Feb 28, 2010 23:53
I went to bed twenty minutes ago, but I cannot sleep. The Vancouver 2010 Olympic Winter Games have just ended. My post-Olympic depression has already set in. The past two weeks of my life have seemingly been devoted to these games. I've been glued to my TV and to my laptop, checking on scores and stats, watching sports, cheering on athletes who have now become household names. I feel like I'm saying good-bye to friends that I will probably never see again, or at least not for another four years. Having the Olympics in Canada has been very magical. Our Canadian pride as a nation has really been shining, and I hope these Olympics have shown us how to be patriotic so we can keep it up. Seeing the flag, hearing our anthem, it has all been so great. I am tearing up at the thought of letting it all go.
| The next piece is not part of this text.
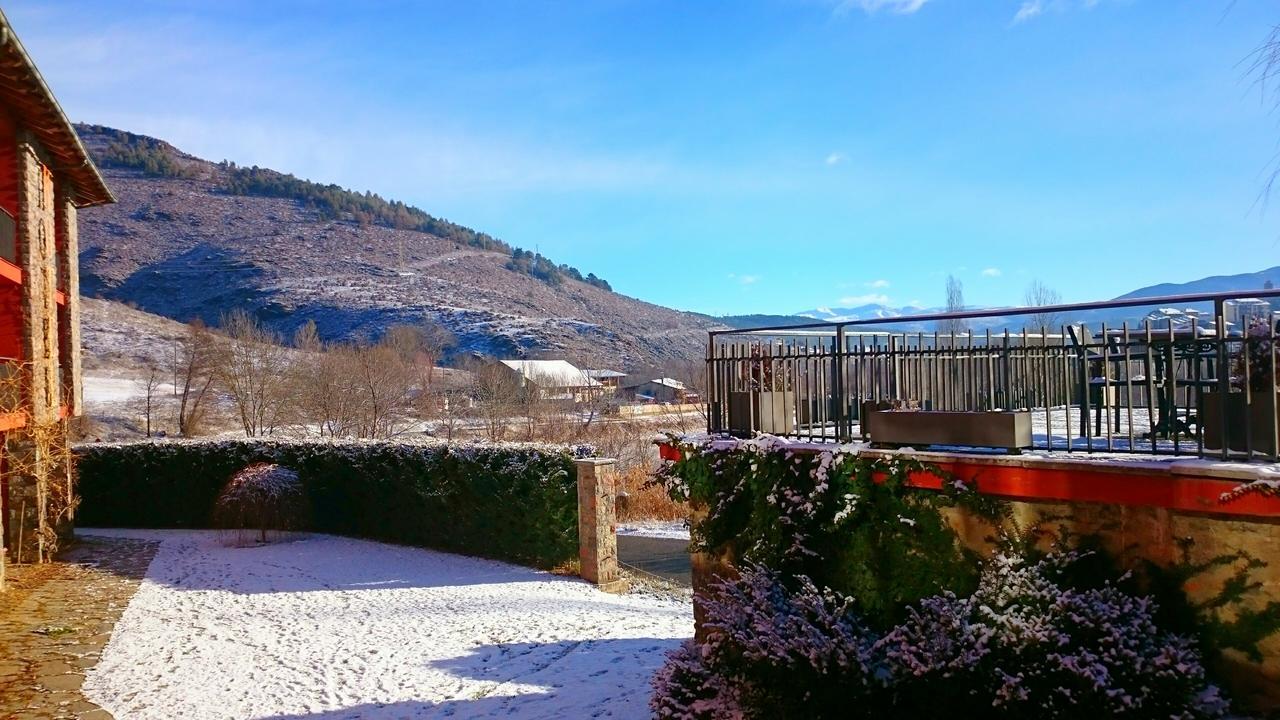 Hotel Fonda Matia Bellver De Cerdanya Exteriér fotografie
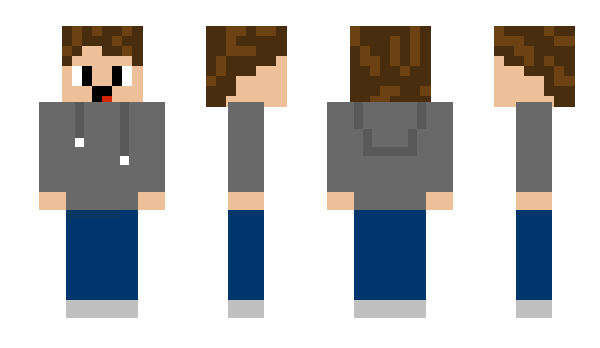 Minecraft скин по нику Typii107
Today, on TV, they've played and replayed special moments from the games: gold medal wins, excited family and fans, unforgettable Olympic moments. The "I Believe" song must have been played twenty times today, and each time, I teared up. I've been a blubbery mess all day. I do not want to let these Olympics go. Calvin made a good analogy this evening; he said that tomorrow is going to be kind of like when we put away all the Christmas decorations. We're sad to see it all come down and know that Christmas is over. When regular TV comes back on, I'm going to be sad to see the Olympics are really over and done with. I've never felt this connected to the Winter Games before. I've always been an Olympic fan and have followed the games when they were on, but never this religiously. This year was so different, and I'm sure it has to do with the Games being on home turf. I'm not sure if the next Olympics will be as exciting and memorable. But I know these one's have been ones for the record books, in so many ways.
Before attempting to call it a night for a second time, I have to put down my key memorable Olympic moments from the past 16 days. This is how the Olympics have touched my life personally. Here are the moments I enjoyed the most, in my own life, during the run of the 2010 Games, in no particular order:
-Watching the Olympic flame go through our city (and not knowing, at the time, how much it was going to affect our lives).
-Having friends over for the Opening Ceremonies.
-Relaxing on the couch on that first full day and catching Alex Bilodeau win our first ever gold medal on home soil, and becoming instantly hooked.
-Grabbing our plates off the kitchen table, twice, to watch speed skaters win us some medals.
-Stopping a card game to watch the short track men win fourth place.
-Staying up past midnight to see Virtue and Moir skate their gold medal winning performance and get their medals.
-Watching the women's gold medal hockey game in Toronto: first two periods in a sports bar and last period in our hotel room, overlooking the CN Tower.
-Cheering for hockey, something I haven't done since my Maple Leaf loving days back in elementary school. And doing it over, and over, and over.
-Watching curling on weekdays when I wasn't working and sending Calvin text messages to inform him of the score while he was at work.
-Watching the gold medal game of men's hockey with Shawn and Jenn.
-Spending Wonderful Women Wednesday with my husband, jumping up and down and screaming wildly as we won medal after medal after medal in the span of only a couple of hours.
-Watching Kevin Martin's rink win gold while playing Scrabble with my husband.
-Seeing Joannie Rochette's bronze winning performance while lying in a king-size bed at the Toronto Regency Hyatt.
-Waking up to the Olympic Morning commentators every day and enjoying their antics, their stories and their highlights and recaps. It was a true pleasure.
-Crying every time I saw an "I Believe" montage.
-Being so very stressed for the athletes when they were so close to winning medals. Sitting on the edge of my couch, covering my mouth or my eyes and freaking out until the game was over and the medal was inevitably won (though, sometimes, it was lost).
There are so many more that I'm sure I have forgotten. These past two weeks have really been one event after another. It has been a wonderful ride. I'm so very sad to see it end. I really don't know what I'm going to do with myself tomorrow. I cannot imagine going back to real TV ever again. I miss the sports already.